Çatı kanun bugünden yarına olacak bir şey değil. Birtakım düzenlemeler dağınık olduğu için tek başınıza bunu yapıyor olabilmeniz; veya bu iradeyi gösterseniz dahi sonuca ulaştırmanız mümkün olamayabiliyor. Sadece ticaret hukukunun sigorta kitabı ve sigortacılık kanunu yetmiyor. Bunların dışındaki kanunlardan da besleniyoruz. İşte bu sorunu çatı kanun çözecek diye önerdik. Gelişmiş piyasalara baktığımız zaman çatı kanun yapmışlar. Sigortacılıkla ilgili bütün düzenlemeleri bu kanun altına yerleştirmişler. Bununla ilgili tek bir otorite olur. Uygulama, düzenleme ve denetlemeler çok rahatlıkla çıkabilir. SEDDK’nın tek etkili olabilmesi için bizim böyle bir çatı kanuna ihtiyacımız var.”

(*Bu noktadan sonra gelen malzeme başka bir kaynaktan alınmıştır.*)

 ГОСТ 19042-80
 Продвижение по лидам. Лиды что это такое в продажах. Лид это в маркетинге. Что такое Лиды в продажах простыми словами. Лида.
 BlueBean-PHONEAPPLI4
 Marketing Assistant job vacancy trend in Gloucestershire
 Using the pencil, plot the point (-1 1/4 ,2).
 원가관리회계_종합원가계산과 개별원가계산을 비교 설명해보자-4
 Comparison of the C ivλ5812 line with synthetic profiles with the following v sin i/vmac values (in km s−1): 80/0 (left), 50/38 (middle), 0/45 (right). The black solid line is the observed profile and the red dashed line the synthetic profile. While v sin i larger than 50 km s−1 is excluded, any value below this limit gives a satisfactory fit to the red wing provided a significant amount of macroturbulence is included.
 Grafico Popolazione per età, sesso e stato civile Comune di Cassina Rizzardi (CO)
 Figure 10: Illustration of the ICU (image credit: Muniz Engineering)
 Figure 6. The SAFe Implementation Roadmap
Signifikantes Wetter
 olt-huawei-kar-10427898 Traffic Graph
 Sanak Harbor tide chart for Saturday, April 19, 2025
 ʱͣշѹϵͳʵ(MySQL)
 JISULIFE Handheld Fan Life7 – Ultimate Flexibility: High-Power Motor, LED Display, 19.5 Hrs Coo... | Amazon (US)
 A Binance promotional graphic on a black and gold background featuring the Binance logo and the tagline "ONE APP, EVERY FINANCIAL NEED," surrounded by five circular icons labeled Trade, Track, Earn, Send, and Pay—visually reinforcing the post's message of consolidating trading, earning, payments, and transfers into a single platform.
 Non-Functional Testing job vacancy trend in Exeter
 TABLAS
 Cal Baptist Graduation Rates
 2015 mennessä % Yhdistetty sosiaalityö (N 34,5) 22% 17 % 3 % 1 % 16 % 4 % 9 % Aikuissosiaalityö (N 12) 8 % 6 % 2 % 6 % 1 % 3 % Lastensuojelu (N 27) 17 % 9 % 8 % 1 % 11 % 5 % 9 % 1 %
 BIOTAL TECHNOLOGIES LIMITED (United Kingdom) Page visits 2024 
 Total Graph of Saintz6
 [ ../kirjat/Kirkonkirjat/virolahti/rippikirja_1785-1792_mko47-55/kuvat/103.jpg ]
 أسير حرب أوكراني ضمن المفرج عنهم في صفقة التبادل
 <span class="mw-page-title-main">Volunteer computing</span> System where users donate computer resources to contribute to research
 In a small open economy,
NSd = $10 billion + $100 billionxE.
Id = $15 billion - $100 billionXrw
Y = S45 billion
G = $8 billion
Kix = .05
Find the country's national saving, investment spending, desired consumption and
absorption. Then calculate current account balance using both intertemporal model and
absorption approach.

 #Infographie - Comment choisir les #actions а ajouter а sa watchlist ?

Zorunlu sigorta neden gerekli?
- Tehlikeli bir faaliyetten zarar görecek üçüncü kişileri korumak
- Bizzat sigorta ettirenleri belirli zararlara karşı korumak (DASK)
- Bir sözleşme ilişkisinde veya bir hukuki ilişkide taraflar arasında makul bir denge kurmak; (mesela finansal kiralama veya intifa hakkı bağlamında kira veya intifa konusu malın sigorta ettirilmesi
- Güvence ihtiyacının karşılanması (mesela kredi bağlantılı sigortalarda kredi sözleşmesi uyarınca; yaptırılması gereken sigortalar = hayat, konut veya araç sigortası)
- Olası zararların karşılanması (ihale koşulu olarak sigorta yaptırılmasının öngörülmesi)
Türkiye’deki zorunlu sigorta uygulamaları
Ülkemizde zorunlu sigortalar daha çok sorumluluk sigortaları alanında bulunuyor. Ancak “Karayolu Yolcu Taşımacılığı Zorunlu Koltuk Ferdi Kaza Sigortası” ve; “Maden Çalışanları Zorunlu Ferdi Kaza Sigortası” gibi; temelde can sigortası olan (ancak Maden Çalışanları Zorunlu Ferdi Kaza Sigortasında olduğu gibi; sorumluluğu azaltıcı işlev de gören) zorunlu sigortalar mevcut olduğu gibi “Zorunlu Deprem Sigortası” (DASK sigortası) gibi; mal (eşya) sigortası olan zorunlu sigortalar da var. Bunun yanında İşveren Sorumluluk Sigortası, Ürün Sorumluluğu Sigortası, Çevre Zararları Sorumluluk Sigortası; Özel Güvenlik Zorunlu Mali Sorumluluk Sigortası, Kıyı Tesisleri Deniz Kirliliği Zorunlu Mali Sorumluluk Sigortası gibi; birçok değişik konuda zorunlu sigortaları sayabiliriz.